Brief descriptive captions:
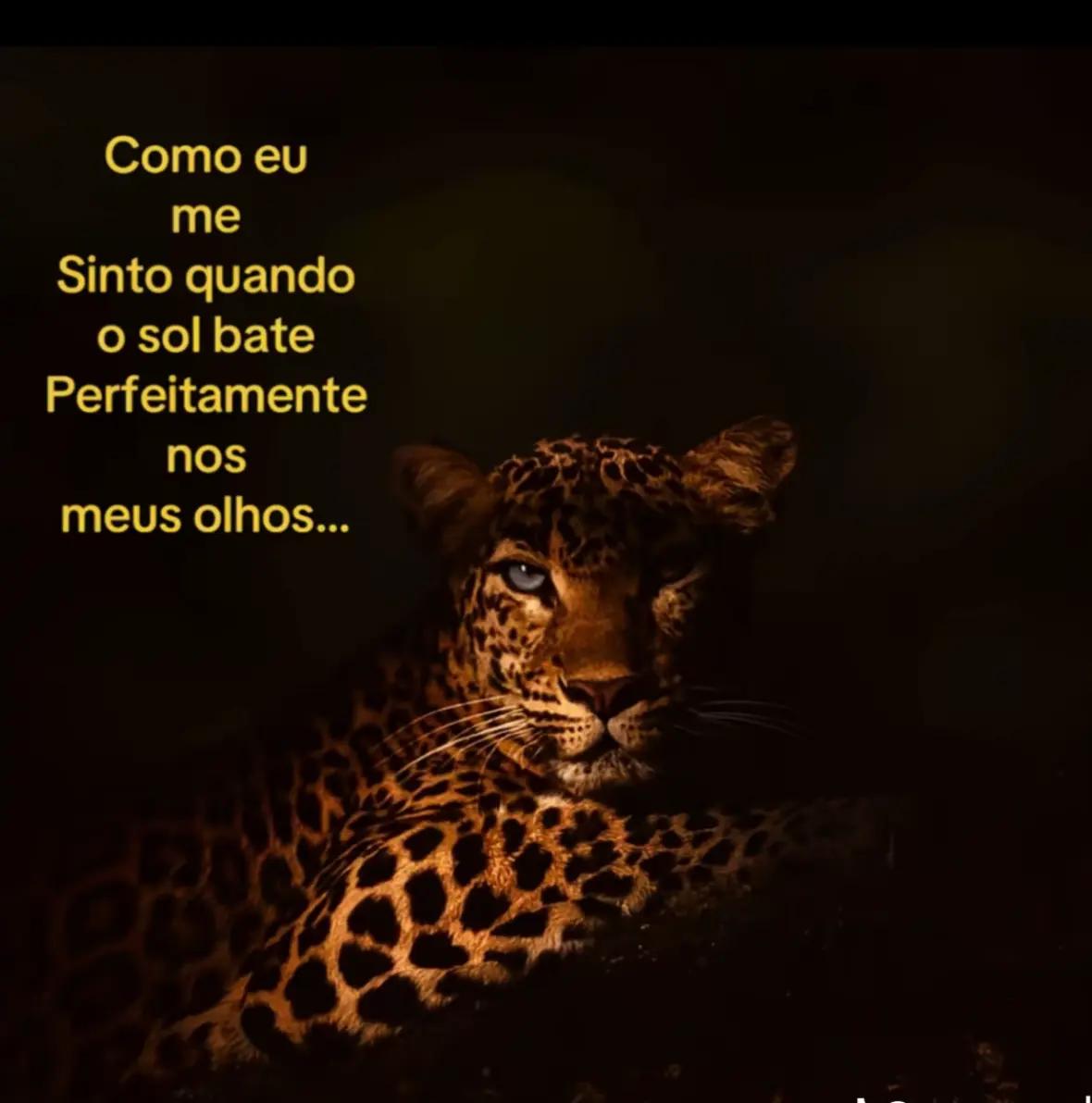 @edurada🧜♀️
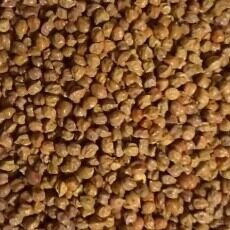 Kalai Chani  (کالی چنی۔)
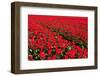 Field of Red Tulips-Peter Kirillov-Framed Photographic Print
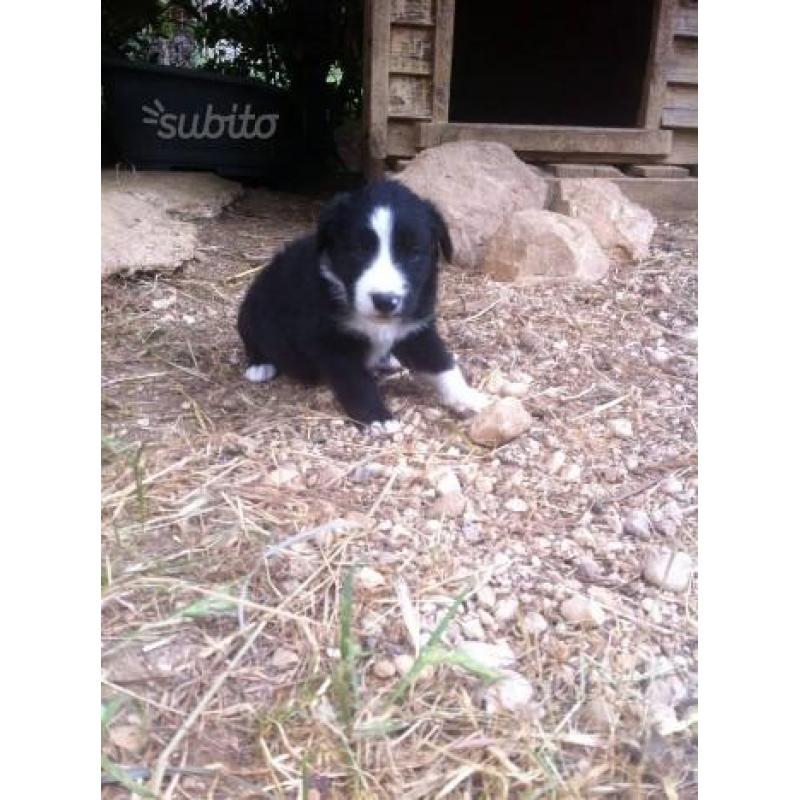 Cuccioli border collie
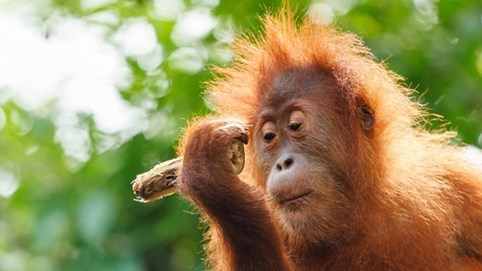 Hoà mình cùng thiên nhiên tại khách sạn sang chảnh nhất Malaysia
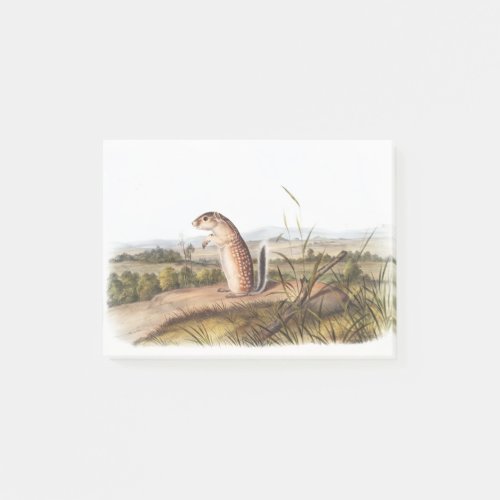 Mexican Marmot Squirrel Camping Deco Gifts Post_it Notes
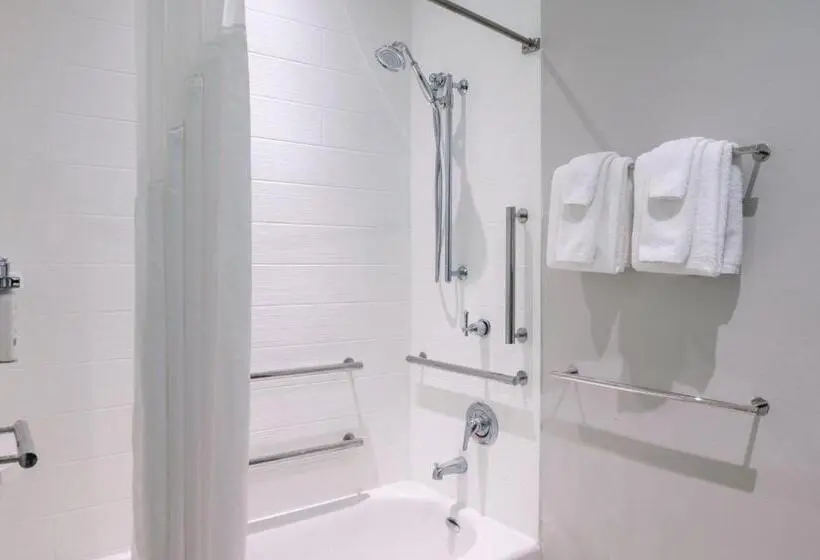 身障者適用スイートルーム, Holiday Inn Express Troy, An Ihg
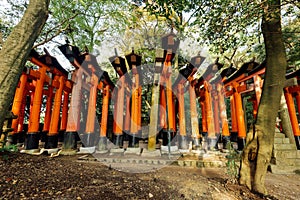 Fushimi Inari torii gates,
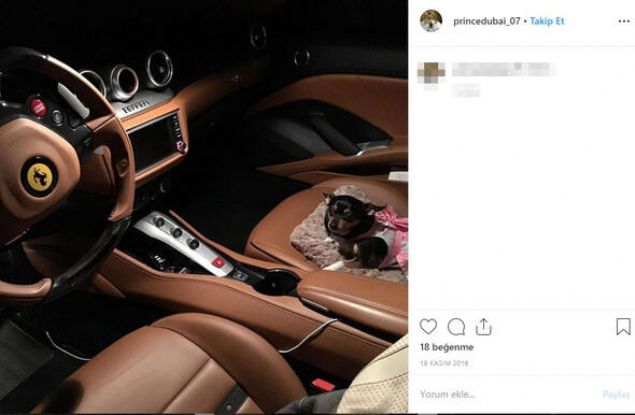 Gignac'n sahte kimliiyle yaratt lks hayat Mays 2017'de, Miami'de lks bir otele yatrm yapmak istemesiyle kmeye balad.      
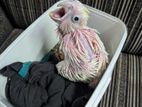 Greater Sulphur Cockatoo Bird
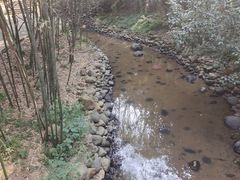 -潜山国家森林公园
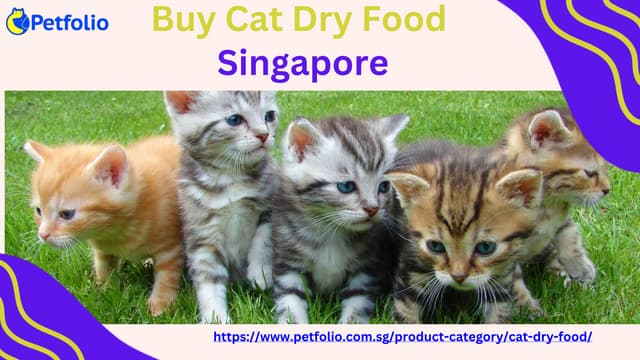 Get the high Quality to Buy Cat Dry Food Singapore.pptx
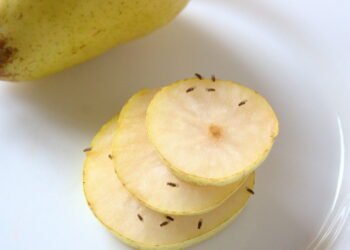 Como se livrar das moscas na fruteira com algo que você já tem em casa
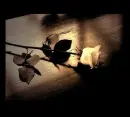 white rose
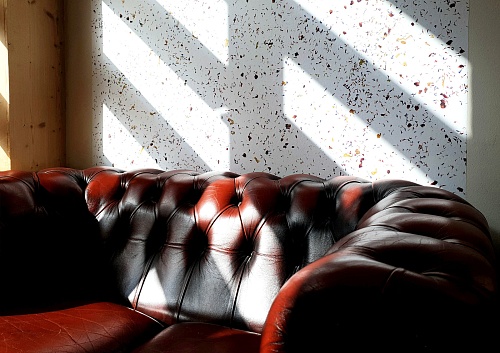 Экополотно ORGANOID Горный Василек и Лойташ Экополотно ORGANOID Горный Василек и Лойташ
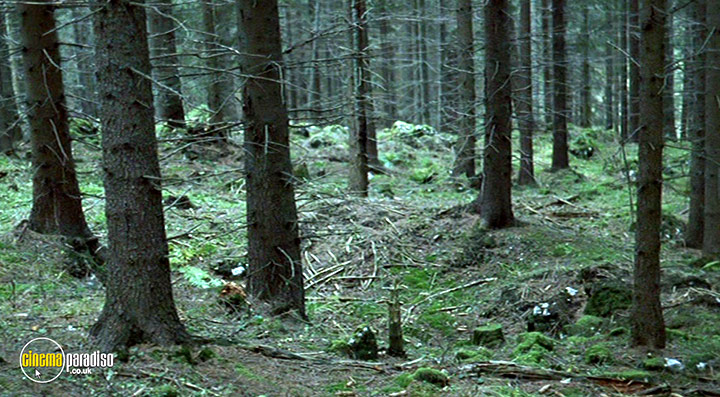 A still #15 from Hotel (2003)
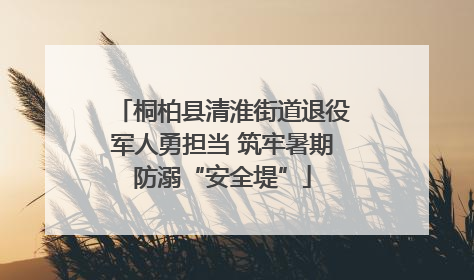 桐柏县清淮街道退役军人勇担当 筑牢暑期防溺“安全堤”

• EXERCISE PROMPT: Could you restate each record word for word, keeping the pictures out?

• FINISHED TASK:
 @edurada🧜♀️
 Kalai Chani  (کالی چنی۔)
 Field of Red Tulips-Peter Kirillov-Framed Photographic Print
 Cuccioli border collie
 Hoà mình cùng thiên nhiên tại khách sạn sang chảnh nhất Malaysia
 Mexican Marmot Squirrel Camping Deco Gifts Post_it Notes
 身障者適用スイートルーム, Holiday Inn Express Troy, An Ihg
 Fushimi Inari torii gates,
 Gignac'n sahte kimliiyle yaratt lks hayat Mays 2017'de, Miami'de lks bir otele yatrm yapmak istemesiyle kmeye balad.      
 Greater Sulphur Cockatoo Bird
 -潜山国家森林公园
 Get the high Quality to Buy Cat Dry Food Singapore.pptx
 Como se livrar das moscas na fruteira com algo que você já tem em casa
 white rose
 Экополотно ORGANOID Горный Василек и Лойташ Экополотно ORGANOID Горный Василек и Лойташ
 A still #15 from Hotel (2003)
 桐柏县清淮街道退役军人勇担当 筑牢暑期防溺“安全堤”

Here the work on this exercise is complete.